BAR HARBOR —Adele Seronde of Bar Harbor has given the world of art close to 90 years of her time, talent and passion. From early childhood she knew she would continue the then six-generation family legacy of becoming an artist, craftsman and/or arts activist. Her proper Bostonian Herter family tree is filled with painters, sculptors and fine craftsmen. (Her father, Christian Herter, is considered something of a black sheep in this creative clan when instead of following the family tradition he went into politics, becoming governor of Massachusetts and then secretary of state under Eisenhower.)
In her nine decades, Seronde has produced an impressive collection of her big, bold, impressionist land and seascapes and still life paintings, which are represented in private collections and public buildings across the country, not to mention several books of poetry and spiritual enlightenment and, oh yes, she is currently working on a book about improving the country’s educational system.
Throughout her prolific painting career she has also been an indefatigable activist promoting the arts here in Maine, her native Massachusetts and in her winter home in Sedona, Ariz.
So one might say she has given the arts her all, but actually that’s not all folks. Seronde has also found time to produce, raise and eventually mentor five children and many grandchildren, many of whom have become artists themselves, and several of whom live and work on Mount Desert Island.
On Saturday and Sunday, Aug. 29 and 30, from 1-5 p.m., Seronde is opening her light-filled studio at 386 Bayview Drive to exhibit her own paintings as well as the artistic endeavors of four other family members representing three generations.

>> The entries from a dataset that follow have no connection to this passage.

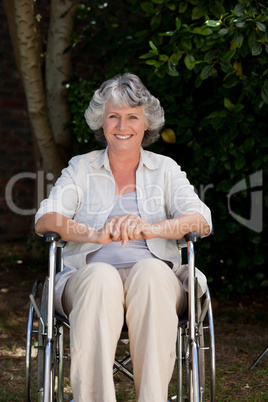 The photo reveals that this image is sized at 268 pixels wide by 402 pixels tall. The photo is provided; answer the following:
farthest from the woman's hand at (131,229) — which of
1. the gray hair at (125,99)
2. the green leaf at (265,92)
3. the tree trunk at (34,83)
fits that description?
the tree trunk at (34,83)

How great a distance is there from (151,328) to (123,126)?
2.94ft

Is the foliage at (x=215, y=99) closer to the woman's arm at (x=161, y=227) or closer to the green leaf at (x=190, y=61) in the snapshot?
the green leaf at (x=190, y=61)

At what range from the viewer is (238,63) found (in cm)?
323

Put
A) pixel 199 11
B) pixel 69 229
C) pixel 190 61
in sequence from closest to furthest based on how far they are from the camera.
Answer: pixel 69 229, pixel 190 61, pixel 199 11

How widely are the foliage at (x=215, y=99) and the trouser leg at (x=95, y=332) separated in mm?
1463

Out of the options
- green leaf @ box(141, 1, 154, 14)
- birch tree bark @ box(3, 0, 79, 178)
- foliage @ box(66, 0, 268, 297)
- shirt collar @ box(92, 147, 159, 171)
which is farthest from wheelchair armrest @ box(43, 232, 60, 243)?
birch tree bark @ box(3, 0, 79, 178)

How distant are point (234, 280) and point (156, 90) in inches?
56.1

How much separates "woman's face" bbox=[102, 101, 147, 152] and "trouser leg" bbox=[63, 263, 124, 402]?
2.15 feet

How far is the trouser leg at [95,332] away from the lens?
6.33 ft

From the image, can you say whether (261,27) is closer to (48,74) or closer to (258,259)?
(258,259)

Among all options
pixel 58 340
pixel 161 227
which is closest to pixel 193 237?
pixel 161 227

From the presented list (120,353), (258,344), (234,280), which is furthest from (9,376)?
(234,280)

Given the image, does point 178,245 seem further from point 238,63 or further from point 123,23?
point 123,23

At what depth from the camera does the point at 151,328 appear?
1980mm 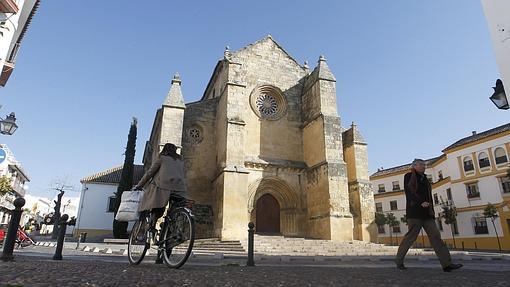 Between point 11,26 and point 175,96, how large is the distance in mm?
7213

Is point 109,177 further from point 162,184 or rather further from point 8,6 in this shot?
point 162,184

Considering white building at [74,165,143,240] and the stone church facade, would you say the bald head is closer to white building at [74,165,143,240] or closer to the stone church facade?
the stone church facade

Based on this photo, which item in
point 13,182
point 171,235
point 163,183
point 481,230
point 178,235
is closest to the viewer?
point 178,235

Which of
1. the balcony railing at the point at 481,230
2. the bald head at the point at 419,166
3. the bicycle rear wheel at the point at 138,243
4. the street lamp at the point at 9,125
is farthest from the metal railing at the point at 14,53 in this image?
the balcony railing at the point at 481,230

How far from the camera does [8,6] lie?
9742mm

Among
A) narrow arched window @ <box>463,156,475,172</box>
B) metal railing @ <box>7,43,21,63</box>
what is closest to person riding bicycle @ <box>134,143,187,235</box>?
metal railing @ <box>7,43,21,63</box>

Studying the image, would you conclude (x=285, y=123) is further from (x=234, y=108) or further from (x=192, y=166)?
(x=192, y=166)

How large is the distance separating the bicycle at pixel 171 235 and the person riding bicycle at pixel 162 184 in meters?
0.13

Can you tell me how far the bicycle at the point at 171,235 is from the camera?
12.6ft

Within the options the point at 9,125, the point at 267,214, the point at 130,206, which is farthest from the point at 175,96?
the point at 130,206

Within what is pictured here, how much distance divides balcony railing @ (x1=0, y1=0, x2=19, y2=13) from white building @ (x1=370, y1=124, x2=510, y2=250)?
104 ft

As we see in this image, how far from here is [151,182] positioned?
14.8ft

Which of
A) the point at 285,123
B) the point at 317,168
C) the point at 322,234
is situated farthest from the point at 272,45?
the point at 322,234

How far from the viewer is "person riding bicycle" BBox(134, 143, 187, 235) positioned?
13.9 ft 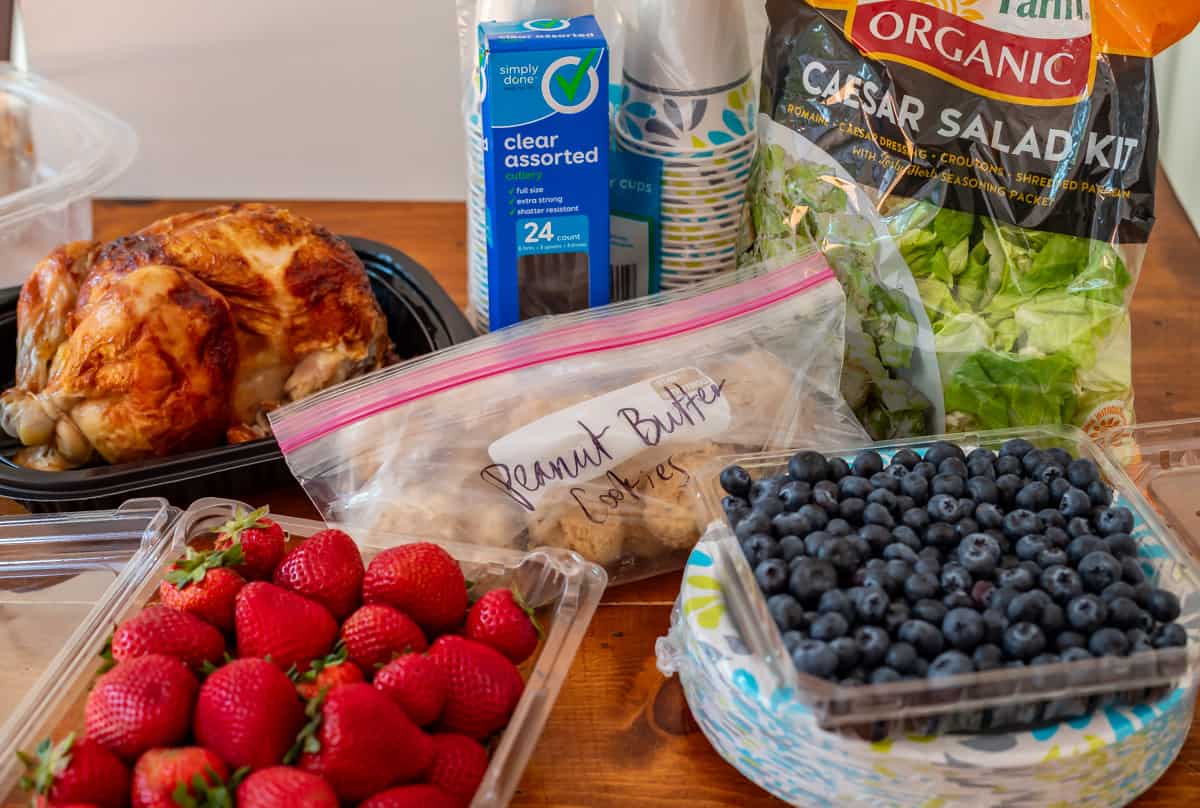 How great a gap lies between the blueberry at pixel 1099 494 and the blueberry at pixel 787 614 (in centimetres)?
23

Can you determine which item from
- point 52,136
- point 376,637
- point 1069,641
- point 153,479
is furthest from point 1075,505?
point 52,136

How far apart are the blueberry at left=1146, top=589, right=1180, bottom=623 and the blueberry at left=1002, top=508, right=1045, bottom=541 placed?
78mm

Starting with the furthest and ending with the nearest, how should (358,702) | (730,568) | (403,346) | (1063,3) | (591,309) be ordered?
(403,346) < (591,309) < (1063,3) < (730,568) < (358,702)

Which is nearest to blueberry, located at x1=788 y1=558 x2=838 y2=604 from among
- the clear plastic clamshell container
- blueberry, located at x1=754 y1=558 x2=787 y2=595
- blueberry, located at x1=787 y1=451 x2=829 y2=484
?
blueberry, located at x1=754 y1=558 x2=787 y2=595

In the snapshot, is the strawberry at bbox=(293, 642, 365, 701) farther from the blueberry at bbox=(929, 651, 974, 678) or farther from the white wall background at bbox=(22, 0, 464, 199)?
the white wall background at bbox=(22, 0, 464, 199)

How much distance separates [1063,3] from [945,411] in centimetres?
31

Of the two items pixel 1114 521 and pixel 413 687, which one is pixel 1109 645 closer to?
pixel 1114 521

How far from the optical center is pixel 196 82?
150 centimetres

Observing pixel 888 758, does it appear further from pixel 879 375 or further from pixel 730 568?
pixel 879 375

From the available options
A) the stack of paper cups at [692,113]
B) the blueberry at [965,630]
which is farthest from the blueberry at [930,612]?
the stack of paper cups at [692,113]

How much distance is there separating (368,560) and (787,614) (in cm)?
31

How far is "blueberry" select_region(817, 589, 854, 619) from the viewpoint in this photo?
26.5 inches

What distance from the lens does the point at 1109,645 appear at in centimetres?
66

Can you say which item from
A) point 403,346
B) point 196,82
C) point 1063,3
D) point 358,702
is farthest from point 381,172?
point 358,702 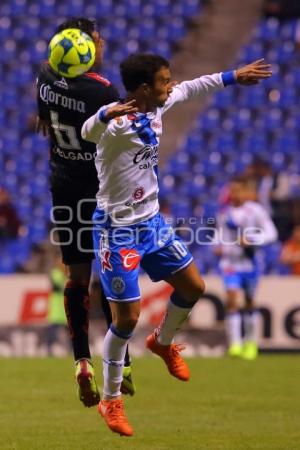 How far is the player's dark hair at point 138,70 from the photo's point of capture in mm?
7062

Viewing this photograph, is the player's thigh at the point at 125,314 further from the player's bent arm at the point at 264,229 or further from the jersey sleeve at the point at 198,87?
the player's bent arm at the point at 264,229

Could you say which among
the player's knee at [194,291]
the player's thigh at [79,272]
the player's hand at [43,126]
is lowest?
the player's knee at [194,291]

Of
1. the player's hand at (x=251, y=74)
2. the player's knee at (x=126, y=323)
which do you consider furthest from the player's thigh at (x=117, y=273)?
the player's hand at (x=251, y=74)

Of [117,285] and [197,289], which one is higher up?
[117,285]

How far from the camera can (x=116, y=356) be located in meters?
7.47

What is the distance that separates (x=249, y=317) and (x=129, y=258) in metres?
7.37

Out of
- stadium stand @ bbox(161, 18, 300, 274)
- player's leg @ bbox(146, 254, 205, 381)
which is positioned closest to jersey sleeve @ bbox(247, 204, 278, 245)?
stadium stand @ bbox(161, 18, 300, 274)

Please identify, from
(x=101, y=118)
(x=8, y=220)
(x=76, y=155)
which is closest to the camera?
(x=101, y=118)

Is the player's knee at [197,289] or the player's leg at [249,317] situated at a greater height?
the player's knee at [197,289]

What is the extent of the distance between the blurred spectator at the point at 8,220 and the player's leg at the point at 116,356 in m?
10.3

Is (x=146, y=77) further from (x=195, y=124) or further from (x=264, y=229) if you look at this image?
(x=195, y=124)

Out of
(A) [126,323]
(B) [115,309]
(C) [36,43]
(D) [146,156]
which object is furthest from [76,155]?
(C) [36,43]

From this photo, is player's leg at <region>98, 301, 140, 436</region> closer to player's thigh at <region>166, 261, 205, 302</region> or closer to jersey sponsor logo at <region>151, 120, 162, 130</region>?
player's thigh at <region>166, 261, 205, 302</region>

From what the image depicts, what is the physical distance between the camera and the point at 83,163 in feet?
25.4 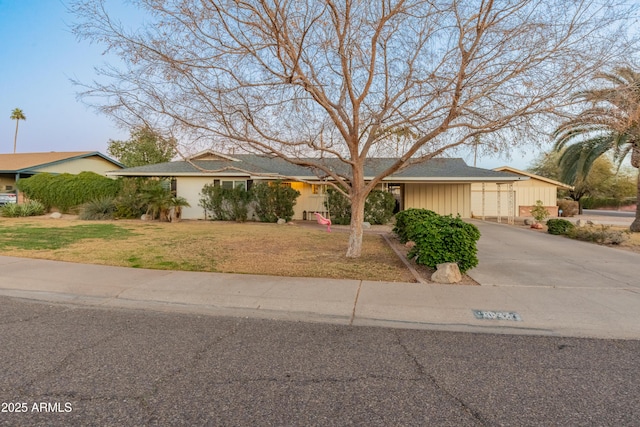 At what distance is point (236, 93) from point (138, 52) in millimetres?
2019

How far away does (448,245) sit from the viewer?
727 cm

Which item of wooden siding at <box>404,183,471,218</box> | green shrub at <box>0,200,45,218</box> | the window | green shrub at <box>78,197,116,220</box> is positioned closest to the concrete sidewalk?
green shrub at <box>78,197,116,220</box>

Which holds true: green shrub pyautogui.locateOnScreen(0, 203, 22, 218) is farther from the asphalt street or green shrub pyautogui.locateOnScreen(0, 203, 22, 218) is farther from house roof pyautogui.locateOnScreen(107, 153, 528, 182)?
the asphalt street

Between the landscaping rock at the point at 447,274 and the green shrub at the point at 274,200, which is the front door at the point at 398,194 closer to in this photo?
the green shrub at the point at 274,200

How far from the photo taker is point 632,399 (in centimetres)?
308

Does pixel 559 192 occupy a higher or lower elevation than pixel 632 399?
higher

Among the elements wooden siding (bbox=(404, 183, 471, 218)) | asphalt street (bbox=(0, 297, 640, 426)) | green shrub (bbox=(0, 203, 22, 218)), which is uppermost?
wooden siding (bbox=(404, 183, 471, 218))

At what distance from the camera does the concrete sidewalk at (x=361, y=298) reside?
4.96 m

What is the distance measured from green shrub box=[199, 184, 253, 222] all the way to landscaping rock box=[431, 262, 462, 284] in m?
13.9

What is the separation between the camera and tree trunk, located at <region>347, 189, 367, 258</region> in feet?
29.9

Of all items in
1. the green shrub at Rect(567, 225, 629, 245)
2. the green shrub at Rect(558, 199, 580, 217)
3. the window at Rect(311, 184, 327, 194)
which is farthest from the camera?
the green shrub at Rect(558, 199, 580, 217)

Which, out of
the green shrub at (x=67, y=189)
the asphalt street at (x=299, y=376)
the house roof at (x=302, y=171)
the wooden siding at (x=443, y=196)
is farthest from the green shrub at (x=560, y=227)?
the green shrub at (x=67, y=189)

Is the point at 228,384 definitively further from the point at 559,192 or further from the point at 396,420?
the point at 559,192

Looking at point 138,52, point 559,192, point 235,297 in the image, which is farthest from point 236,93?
point 559,192
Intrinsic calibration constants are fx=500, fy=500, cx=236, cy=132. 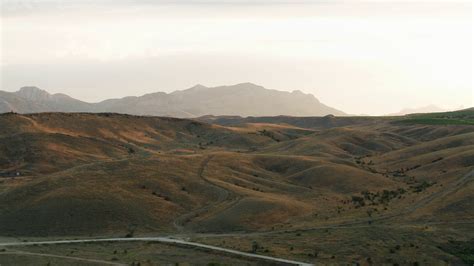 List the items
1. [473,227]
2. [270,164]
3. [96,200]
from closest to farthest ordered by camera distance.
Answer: [473,227] → [96,200] → [270,164]

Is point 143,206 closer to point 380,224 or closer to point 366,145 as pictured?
point 380,224

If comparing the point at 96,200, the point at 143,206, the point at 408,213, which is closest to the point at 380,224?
the point at 408,213

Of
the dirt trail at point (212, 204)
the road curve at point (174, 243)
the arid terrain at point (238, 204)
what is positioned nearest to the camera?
the road curve at point (174, 243)

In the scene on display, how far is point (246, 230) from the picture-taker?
59.6m

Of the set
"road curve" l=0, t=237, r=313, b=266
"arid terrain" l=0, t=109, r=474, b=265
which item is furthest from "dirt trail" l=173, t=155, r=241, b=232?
"road curve" l=0, t=237, r=313, b=266

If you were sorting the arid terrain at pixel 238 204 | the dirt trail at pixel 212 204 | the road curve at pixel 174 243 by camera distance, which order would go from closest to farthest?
1. the road curve at pixel 174 243
2. the arid terrain at pixel 238 204
3. the dirt trail at pixel 212 204

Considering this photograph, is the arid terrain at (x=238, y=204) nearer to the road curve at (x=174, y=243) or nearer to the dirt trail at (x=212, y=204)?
the dirt trail at (x=212, y=204)

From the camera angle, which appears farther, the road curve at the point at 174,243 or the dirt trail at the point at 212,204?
the dirt trail at the point at 212,204

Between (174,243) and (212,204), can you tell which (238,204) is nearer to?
(212,204)

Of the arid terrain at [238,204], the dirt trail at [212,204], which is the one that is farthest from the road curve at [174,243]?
the dirt trail at [212,204]

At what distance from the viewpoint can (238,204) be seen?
6844cm

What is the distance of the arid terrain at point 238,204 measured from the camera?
46969 mm

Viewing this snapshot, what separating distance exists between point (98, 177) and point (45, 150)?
4370 cm

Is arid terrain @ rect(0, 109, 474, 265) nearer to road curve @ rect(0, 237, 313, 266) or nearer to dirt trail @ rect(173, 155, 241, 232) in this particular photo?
dirt trail @ rect(173, 155, 241, 232) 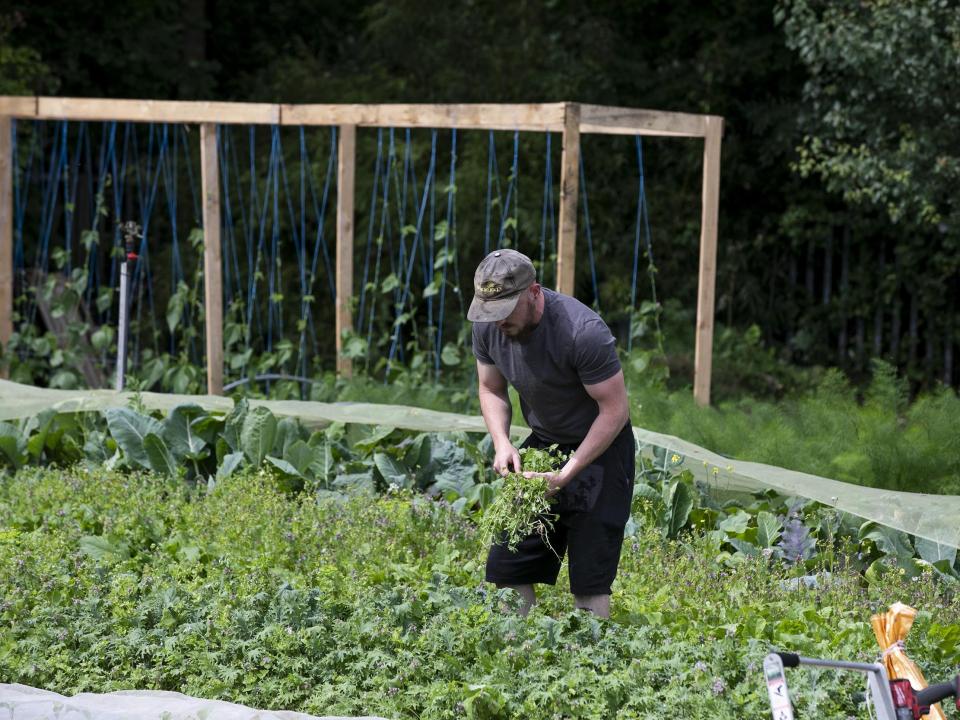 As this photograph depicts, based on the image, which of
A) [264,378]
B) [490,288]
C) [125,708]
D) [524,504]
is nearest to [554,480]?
[524,504]

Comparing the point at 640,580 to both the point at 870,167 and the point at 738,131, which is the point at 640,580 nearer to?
the point at 870,167

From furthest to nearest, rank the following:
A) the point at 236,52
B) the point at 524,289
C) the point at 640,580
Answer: the point at 236,52
the point at 640,580
the point at 524,289

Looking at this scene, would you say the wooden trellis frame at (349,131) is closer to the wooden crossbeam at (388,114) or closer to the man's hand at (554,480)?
the wooden crossbeam at (388,114)

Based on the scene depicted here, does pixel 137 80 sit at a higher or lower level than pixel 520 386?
higher

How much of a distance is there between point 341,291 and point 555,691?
473cm

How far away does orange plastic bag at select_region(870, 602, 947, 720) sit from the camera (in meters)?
2.38

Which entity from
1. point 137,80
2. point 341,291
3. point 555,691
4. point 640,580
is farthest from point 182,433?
point 137,80

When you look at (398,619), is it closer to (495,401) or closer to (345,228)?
(495,401)

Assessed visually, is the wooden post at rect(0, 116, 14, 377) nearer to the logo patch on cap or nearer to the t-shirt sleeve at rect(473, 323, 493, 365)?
the t-shirt sleeve at rect(473, 323, 493, 365)

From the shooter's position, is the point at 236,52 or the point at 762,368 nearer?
the point at 762,368

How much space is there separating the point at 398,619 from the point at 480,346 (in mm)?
934

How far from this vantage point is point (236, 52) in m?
13.1

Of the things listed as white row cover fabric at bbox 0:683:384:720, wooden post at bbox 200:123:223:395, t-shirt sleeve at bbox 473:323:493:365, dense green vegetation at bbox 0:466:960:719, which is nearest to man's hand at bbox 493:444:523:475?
t-shirt sleeve at bbox 473:323:493:365

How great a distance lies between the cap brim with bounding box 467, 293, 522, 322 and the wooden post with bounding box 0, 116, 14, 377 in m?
5.47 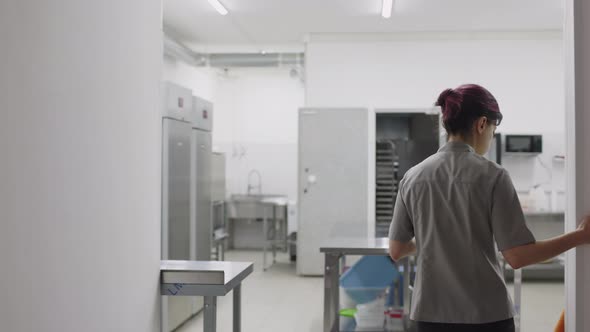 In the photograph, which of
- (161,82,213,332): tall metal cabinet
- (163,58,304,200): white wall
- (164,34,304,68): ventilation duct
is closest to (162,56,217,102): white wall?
(164,34,304,68): ventilation duct

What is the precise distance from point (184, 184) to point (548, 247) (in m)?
3.28

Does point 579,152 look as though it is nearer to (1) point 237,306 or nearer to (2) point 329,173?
(1) point 237,306

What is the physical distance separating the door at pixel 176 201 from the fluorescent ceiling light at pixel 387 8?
2356mm

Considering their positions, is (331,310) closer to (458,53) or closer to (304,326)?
(304,326)

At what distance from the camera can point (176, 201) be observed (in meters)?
4.23

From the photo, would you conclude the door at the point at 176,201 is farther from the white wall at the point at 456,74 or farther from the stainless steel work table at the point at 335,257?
the white wall at the point at 456,74

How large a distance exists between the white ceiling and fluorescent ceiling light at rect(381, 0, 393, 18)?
7cm

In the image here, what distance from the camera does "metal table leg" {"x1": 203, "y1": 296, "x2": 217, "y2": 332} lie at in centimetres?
215

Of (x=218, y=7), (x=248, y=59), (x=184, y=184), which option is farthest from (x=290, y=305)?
(x=248, y=59)

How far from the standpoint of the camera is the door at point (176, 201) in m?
4.05

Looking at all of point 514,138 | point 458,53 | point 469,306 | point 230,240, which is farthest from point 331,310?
point 230,240

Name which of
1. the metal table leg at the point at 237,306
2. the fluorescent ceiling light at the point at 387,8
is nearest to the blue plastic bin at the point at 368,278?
the metal table leg at the point at 237,306

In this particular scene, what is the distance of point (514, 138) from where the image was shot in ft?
20.7

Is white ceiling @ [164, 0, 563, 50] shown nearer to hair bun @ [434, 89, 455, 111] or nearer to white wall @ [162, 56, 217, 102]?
white wall @ [162, 56, 217, 102] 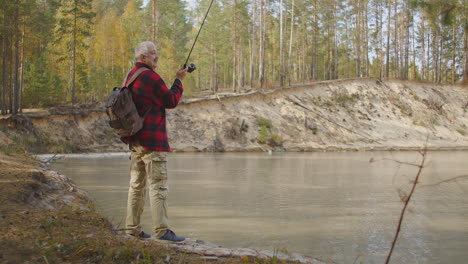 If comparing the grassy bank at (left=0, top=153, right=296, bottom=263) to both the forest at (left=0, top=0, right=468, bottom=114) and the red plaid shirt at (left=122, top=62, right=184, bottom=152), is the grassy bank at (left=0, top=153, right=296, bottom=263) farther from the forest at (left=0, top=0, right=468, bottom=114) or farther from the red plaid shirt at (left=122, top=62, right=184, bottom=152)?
the forest at (left=0, top=0, right=468, bottom=114)

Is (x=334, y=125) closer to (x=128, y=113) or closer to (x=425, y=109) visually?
(x=425, y=109)

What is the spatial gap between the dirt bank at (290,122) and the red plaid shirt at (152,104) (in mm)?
A: 15616

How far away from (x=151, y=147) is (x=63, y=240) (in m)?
1.18

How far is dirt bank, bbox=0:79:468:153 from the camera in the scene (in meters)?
21.3

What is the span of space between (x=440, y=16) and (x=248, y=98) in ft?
80.7

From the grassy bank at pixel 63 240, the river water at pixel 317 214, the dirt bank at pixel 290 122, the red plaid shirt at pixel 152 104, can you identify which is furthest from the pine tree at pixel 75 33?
the red plaid shirt at pixel 152 104

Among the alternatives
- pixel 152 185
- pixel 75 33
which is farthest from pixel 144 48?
pixel 75 33

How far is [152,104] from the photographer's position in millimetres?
4020

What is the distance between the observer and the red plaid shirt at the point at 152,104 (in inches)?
154

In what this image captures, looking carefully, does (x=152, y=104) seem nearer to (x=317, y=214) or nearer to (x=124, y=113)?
(x=124, y=113)

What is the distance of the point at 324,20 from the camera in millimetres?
43844

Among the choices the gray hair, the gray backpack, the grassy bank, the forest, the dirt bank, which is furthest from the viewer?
A: the forest

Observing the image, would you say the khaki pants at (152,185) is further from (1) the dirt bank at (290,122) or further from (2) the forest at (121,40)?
(1) the dirt bank at (290,122)

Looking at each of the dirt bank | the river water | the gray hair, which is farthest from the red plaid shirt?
the dirt bank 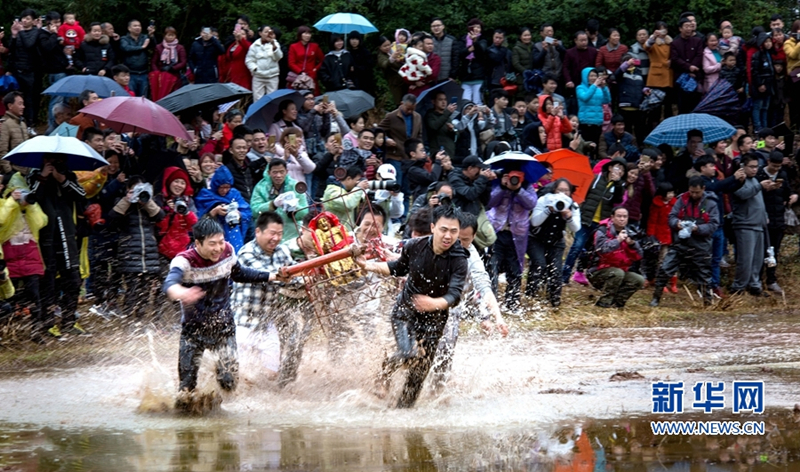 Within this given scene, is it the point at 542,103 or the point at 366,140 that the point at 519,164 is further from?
the point at 542,103

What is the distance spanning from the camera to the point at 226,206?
39.1ft

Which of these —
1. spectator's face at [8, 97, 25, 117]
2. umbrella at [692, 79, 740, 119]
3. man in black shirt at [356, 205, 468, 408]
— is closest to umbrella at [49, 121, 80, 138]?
spectator's face at [8, 97, 25, 117]

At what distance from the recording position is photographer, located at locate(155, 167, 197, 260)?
11.8m

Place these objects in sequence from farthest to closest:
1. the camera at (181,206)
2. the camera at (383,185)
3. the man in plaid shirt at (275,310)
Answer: the camera at (383,185) < the camera at (181,206) < the man in plaid shirt at (275,310)

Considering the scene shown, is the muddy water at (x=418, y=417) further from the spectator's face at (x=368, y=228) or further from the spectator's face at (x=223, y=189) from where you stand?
the spectator's face at (x=223, y=189)

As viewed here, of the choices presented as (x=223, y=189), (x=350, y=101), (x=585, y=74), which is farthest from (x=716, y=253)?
(x=223, y=189)

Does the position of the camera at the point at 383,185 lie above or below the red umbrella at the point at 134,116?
below

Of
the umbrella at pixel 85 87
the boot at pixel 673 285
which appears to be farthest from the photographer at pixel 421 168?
the umbrella at pixel 85 87

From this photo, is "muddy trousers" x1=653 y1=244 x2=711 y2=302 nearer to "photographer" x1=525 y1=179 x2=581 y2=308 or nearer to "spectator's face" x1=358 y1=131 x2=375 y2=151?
"photographer" x1=525 y1=179 x2=581 y2=308

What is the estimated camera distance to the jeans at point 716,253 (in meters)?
14.6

Among the presenters will be her daughter Jeanne Perkins, who will be exhibiting her vibrant silk and paper collages, watercolors and her new three-dimensional fabric art pieces; Adele’s son, filmmaker Eric Herter, who will be showing still photos taken in Vietnam while filming a documentary there; her grandson, jewelry designer Jean Seronde, who learned his craft from his Navajo mother; and another grandson, also a painter who goes by the name Cazo.
This is becoming something of an annual event and Adele, who turned 90 this year, is already making plans for next year’s Open Studio with more of her talented descendants displaying both their work and the strong creative gene that runs through her family.